T-Mobile to pay fines, pledges to up upgrade cybersecurity after repeat data breaches
The telecom giant will pay $15.75 million to the Department of Treasury and front an additional $15.75 million for cybersecurity improvements and compliance.
The Federal Communications Commission said it reached a sweeping settlement with T-Mobile in the wake of several data breaches that affected the mobile telecom services giant over the past several years, with the company agreeing to pay fines and rearrange its governance structure to better focus on cybersecurity.
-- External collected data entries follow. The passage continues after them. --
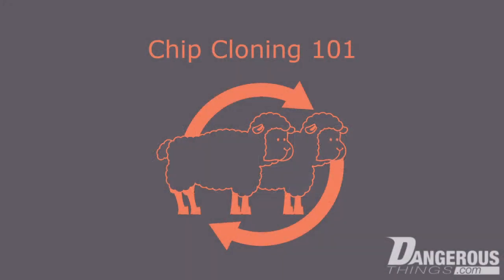In this video, we'll cover the basics of chip cloning, chip types, and methods to clone them.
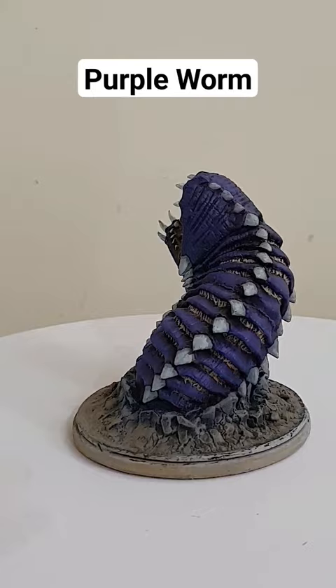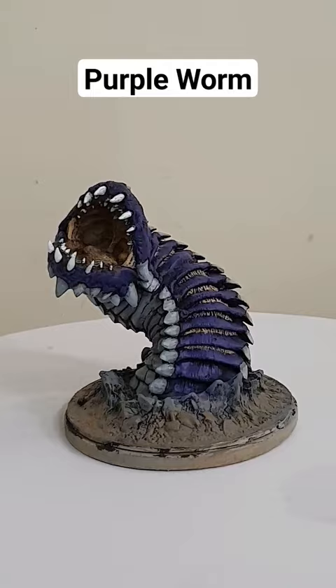I used browns, blacks, purple, and gray. Each of the plates had to be painted individually with different colors, sometimes more than one. It took forever, and inside the mouth there's a lot of detail as well, as you can see.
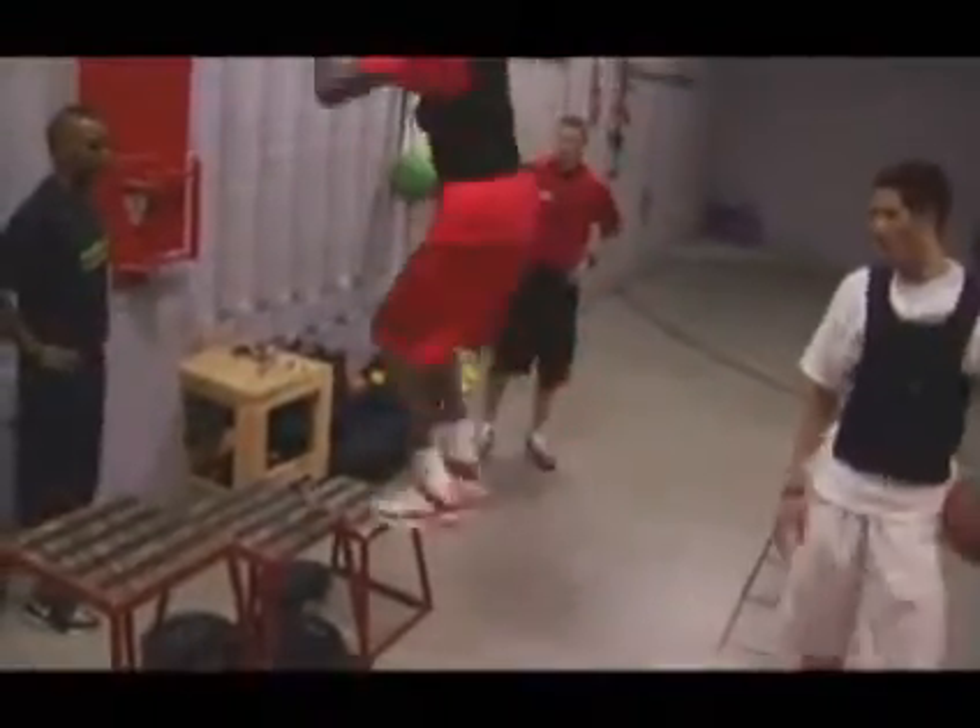By putting something in your hands, such as a ball, you're taking your upper body out of the movement, which makes it more difficult. Obviously, by adding a weighted vest, now you're jumping with extra weight — it makes it more difficult. And then they're also jumping on the highest level box that we use, which is 36 inches.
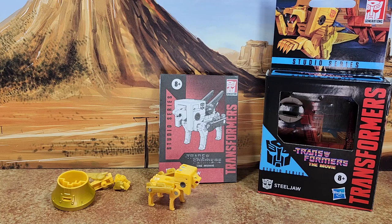All right, here we are with Steeljaw. And I just remembered — he's on the Netflix show in cassette mode for a couple seconds. He's being tortured by some Seekers. I don't know why, I just remember that.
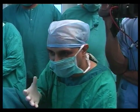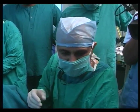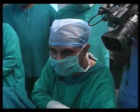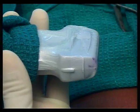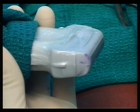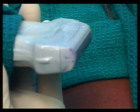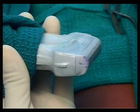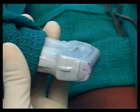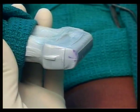The linear array transducer has a flat footprint — totally flat — and the beam it produces is just a one-millimeter slice. Wherever you angle that beam, those are the tissues through which it gets transmitted and reflected back to form an image. The angle determines whether you get an oblique, transverse, or longitudinal cut.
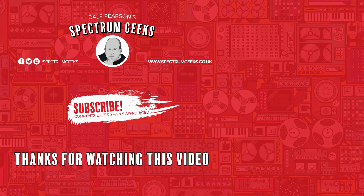Thanks for watching this video — a thumbs up would be really appreciated. If you're interested in other geek-type videos, please consider subscribing to Spectrum Geeks. You can also follow us on Facebook, Instagram and Twitter. Before you leave, why not check out one of these other videos that may be of interest? Thanks again for watching.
As part of the agreement, T-Mobile’s chief information security officer will now deliver regular cybersecurity reports to its board of directors, the FCC said. The company will also modernize its security architecture and implement multifactor authentication tools that verify if an intruder is masquerading as a legitimate user on its systems, among other things.
It will also pay a $15.75 million civil penalty to the Treasury Department and make an additional $15.75 million investment for internal cybersecurity improvements and compliance, per terms of the settlement.
“We take our responsibility to protect our customers’ information very seriously. This consent decree is a resolution of incidents that occurred years ago and were immediately addressed. We have made significant investments in strengthening and advancing our cybersecurity program and will continue to do so,” T-Mobile said in a statement.
The legal resolution addresses “multiple cybersecurity breach investigations,” the FCC said in a statement, which added that it had opened cases into cyber incidents involving T-Mobile in 2021, 2022 and 2023.
The company last year suffered several data exposures. In 2021, it faced a major data breach that exposed millions of customers’ sensitive personal information, including social security numbers and driver’s licenses. The FCC’s Enforcement Bureau said the investigations pertained to incidents in those years in which data breaches were enabled by “criminal acts of third parties” and lists instances that prompted the investigations.
“Today’s mobile networks are top targets for cybercriminals,” FCC Chairwoman Jessica Rosenworcel said. “Consumers’ data is too important and much too sensitive to receive anything less than the best cybersecurity protections.”
In April, the agency fined T-Mobile and other major U.S. wireless carriers a total of $200 million for allegedly selling their customers’ location data to third parties without consent, while not taking steps to protect that info from security compromises. The companies said they would appeal the fines, arguing that they concern cybersecurity and data sharing matters the firms had rectified in the past.
The FCC has taken sweeping steps to harden telecom user data from unpermitted access. In March, it began requiring providers to notify authorities of a data breach within seven business days of discovery.